Different LLMs.


Name Training Tokens Context Length Org Price
OLMo 1B/7B 2.5T 2K AllenAI
Phi-2 2B 1.4T 2K Microsoft
Llama2 7B/13B/70B 2T 4K Meta
Yi 6B/34B 3T 4K 01.AI
Mistral 7B, 8x7B 8T 8K Mistral
Gemini 8K, 32K Google
Gemini 1.5 Pro 1M Google
GPT-3.5 4K, 16K OpenAI In: $0.0015/KT, Out:$0.0020/KT
GPT-4 13T 8K, 32K, 128K OpenAI In: $0.01/KT, Out: $0.03/KT


  • Inference cost of GPT-4 128K
    • In: $0.01/KT
    • Out: $0.03/KT
    • In median usage, one user’s one year cost is around $500.
  • Training cost of GPT-4 128K
    • $150M for 13T training tokens with 1.8T parameters

Each time I use GPT-3.5, the avg input is around 0.5KT, output is around 1KT. So each time I cost around 0.00275, let’s say $0.003 each time. So a thousand time cost is around $3.
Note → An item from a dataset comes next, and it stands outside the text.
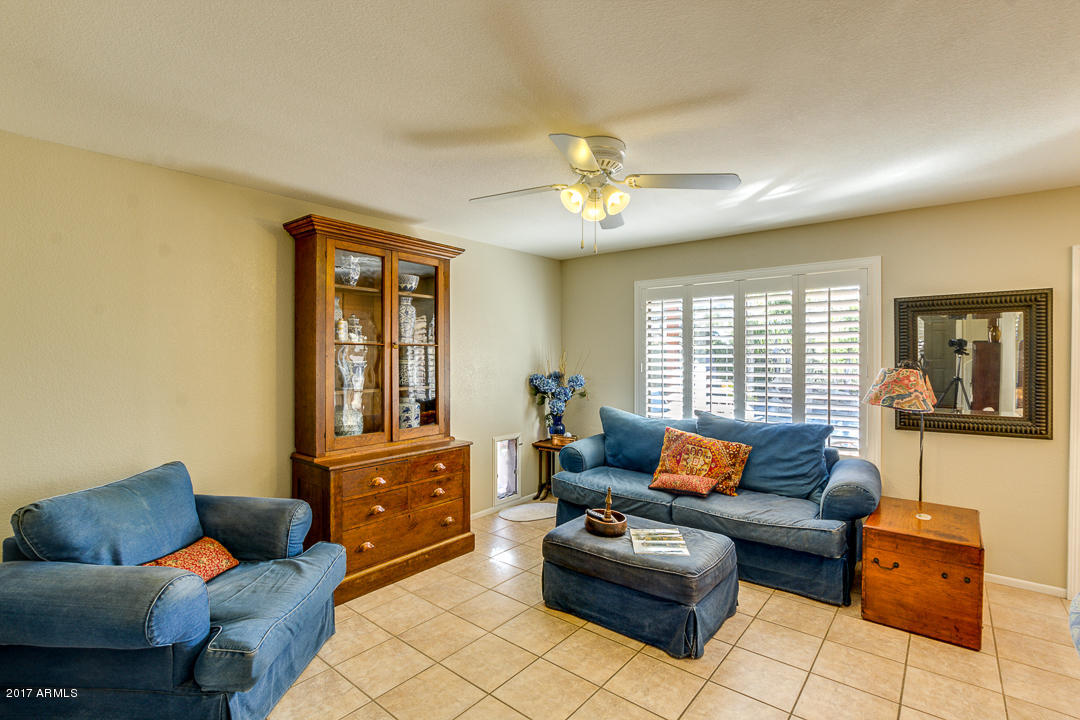 2121 E Robin Ln, Phoenix, AZ 85024 photo 10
Google Search claims each of their search is around 0.00002.

Google Search Ads CPM is around $38.40.

Google Display Ads CPM is around $3.12.

So even GPT-3.5 introduces Ads to cover its cost, it still can easily be profitable.
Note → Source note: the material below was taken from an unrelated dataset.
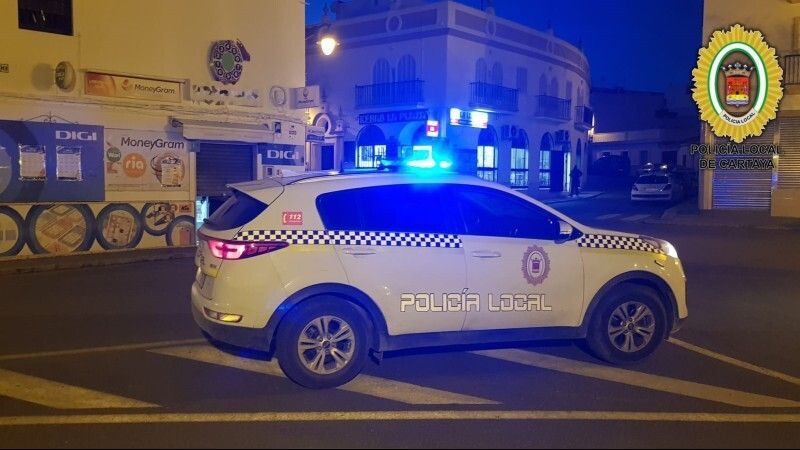 Siete denuncias por botellón y otras cinco a establecimientos que incumplían la limitación horaria establecida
  • llama.cpp, a CPP optimized inference lib for LLaMA etc. models
  • mlx, similar like llama.cpp, for Apple Silicon
  • bitsandbytes, a quantization librarary to convert the LLM models from float to 8 bits or 4 bits, so that it can run faster in limited resources
  • safetensors, simple format for storing tensor, safely (pickle is not safe) and still fast (zero-copy), wroten in Rust
  • GGUF, a binary format used by llama.cpp, GGML is its previous version. One file.
  • TGI(text-generation-inference), production-ready gRPC server for LLM inference. Load safetensors, has watermarking, wroten in Rust.
  • Candle, wroten in Rust by HuggingFace, Rust based tiny ML framework for fast inference.